Rise of India and China: realities
The rise of China and India could shift the political and economic centre of the world to Asia in the next decade. China and India share many similarities: both have a huge population, high economic growth, and are ancient civilizations. Yet, both differ in terms of their political and economic structure and progress. Since opening up in 1978, China has developed into a nation with a larger and wealthier population than India, with the per capita income of an average Chinese citizen being three times that of an average Indian. While China is considered ‘The Factory of the World’ because of its reputation for exporting low-cost manufactured goods and merchandise, India is a global centre for services, specifically, a hub for outsourcing business work processes and software.
·China has increased its military spending by 170% in real terms since 2002, and by more than 500% since 1995. Moreover, it is acquiring parts of the American economic debt and could economically overtake the US in the next decades.

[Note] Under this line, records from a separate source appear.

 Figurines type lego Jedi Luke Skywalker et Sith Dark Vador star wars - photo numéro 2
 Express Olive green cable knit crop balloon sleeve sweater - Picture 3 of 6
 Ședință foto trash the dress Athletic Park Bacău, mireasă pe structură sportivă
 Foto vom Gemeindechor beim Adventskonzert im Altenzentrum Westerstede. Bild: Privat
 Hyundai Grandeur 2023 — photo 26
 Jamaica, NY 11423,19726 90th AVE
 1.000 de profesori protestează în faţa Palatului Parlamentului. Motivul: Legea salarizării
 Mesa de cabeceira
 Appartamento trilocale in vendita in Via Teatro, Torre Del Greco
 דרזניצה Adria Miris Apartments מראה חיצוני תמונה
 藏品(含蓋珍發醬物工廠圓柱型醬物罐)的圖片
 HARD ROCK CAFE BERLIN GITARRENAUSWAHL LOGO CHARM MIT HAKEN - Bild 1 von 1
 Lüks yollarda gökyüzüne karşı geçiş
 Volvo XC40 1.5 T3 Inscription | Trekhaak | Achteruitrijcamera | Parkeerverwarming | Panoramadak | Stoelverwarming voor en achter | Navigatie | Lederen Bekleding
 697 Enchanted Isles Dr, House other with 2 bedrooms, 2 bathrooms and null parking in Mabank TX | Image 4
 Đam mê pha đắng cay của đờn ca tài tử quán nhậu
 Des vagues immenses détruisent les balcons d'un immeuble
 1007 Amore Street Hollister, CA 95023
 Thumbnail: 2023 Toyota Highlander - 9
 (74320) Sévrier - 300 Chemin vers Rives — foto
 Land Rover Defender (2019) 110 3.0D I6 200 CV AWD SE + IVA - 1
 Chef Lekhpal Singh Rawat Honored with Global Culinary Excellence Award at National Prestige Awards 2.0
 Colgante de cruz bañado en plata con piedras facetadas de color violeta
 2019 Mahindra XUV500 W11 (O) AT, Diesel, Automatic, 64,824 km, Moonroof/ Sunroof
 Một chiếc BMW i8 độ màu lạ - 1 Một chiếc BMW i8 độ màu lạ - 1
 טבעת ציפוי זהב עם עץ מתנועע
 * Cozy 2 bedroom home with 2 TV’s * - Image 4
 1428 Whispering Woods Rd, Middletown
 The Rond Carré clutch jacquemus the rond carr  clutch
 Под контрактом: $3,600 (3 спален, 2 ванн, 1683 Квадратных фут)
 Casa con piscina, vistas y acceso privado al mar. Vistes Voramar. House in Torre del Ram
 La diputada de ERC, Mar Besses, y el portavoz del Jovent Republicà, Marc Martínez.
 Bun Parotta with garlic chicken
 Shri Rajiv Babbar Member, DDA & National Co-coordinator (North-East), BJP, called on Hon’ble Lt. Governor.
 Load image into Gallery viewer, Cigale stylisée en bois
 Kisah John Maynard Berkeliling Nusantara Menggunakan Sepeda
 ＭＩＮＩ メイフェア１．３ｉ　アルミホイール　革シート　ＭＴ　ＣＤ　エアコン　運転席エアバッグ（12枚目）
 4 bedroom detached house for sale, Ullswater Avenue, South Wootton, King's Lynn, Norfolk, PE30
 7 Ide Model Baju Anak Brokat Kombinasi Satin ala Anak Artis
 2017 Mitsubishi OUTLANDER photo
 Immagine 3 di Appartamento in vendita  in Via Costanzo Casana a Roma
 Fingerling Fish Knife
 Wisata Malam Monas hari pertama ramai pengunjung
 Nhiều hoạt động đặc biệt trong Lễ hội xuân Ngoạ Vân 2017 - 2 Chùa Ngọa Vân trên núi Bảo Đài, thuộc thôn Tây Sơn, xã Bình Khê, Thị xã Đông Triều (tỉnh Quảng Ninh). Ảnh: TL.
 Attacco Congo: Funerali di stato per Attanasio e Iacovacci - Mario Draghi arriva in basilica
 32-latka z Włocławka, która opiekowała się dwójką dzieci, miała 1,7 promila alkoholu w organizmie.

·India has been among the ten fastest growing economies of the World since 1980 and projected that in the next decades its growth rate would reach the top three. India’s growth would continue and increase in the coming decade if economic reforms continue and are expanded and large-scale structural changes are undertaken to support growth.
·In this new context, the rise of India and China will have significant economic impact, especially on the US.
·China and India have taken different routes to enter the world economy, and that has resulted in their gaining complementary strengths. In the process, they have become globally competitive.
·More interestingly, India’s growth, unlike China’s, which relies extensively on foreign capital and export markets, has derived largely from internal sources. Accordingly, many analysts have concluded that continuing economic reforms will enable the country not only to reach its targeted objective of sustained double-digit growth but also to catch up with China in coming decades.
·These complementarities pose both an opportunity and a threat. It’s easy to spot the advantages of treating China and India synergistically and getting the best of both worlds. Companies can use China to make almost anything cheaply. They can turn to India to design and develop products cost-effectively; they can also hire Indian talent to market and service products.
·India’s constant population growth will support and reinforce its steady but inexorable economic rise. Increments of population and growing economy will also underpin and foster the rise of Brazil, a country which in the future could play a pivotal role in the Latin American region.
·Furthermore, new scenarios could shape the future power distribution and contribute to the rise of new great powers: global warming for example could allow a regional actor such as Russia to exploit its natural resources in the Siberian soil, which could be used to challenge US supremacy.
The rise of China and India represents a geopolitical event of historic proportions. Rarely has the global system witnessed the re-emergence of two major powers simultaneously - states that possess large populations, have ancient histories, and dominate the geographic environs within which they are located. Their return to centre stage after several centuries of imperial domination thus is the reincarnation of an earlier era in Asian geopolitics when China and India were among the most important concentrations of political power in the international system. The recent emergence of China and India is owed in large measure to their productive integration into the liberal economic order, in the post-war period. As a result of that integration, both of these giants have experienced dramatic levels of economic growth in recent decades.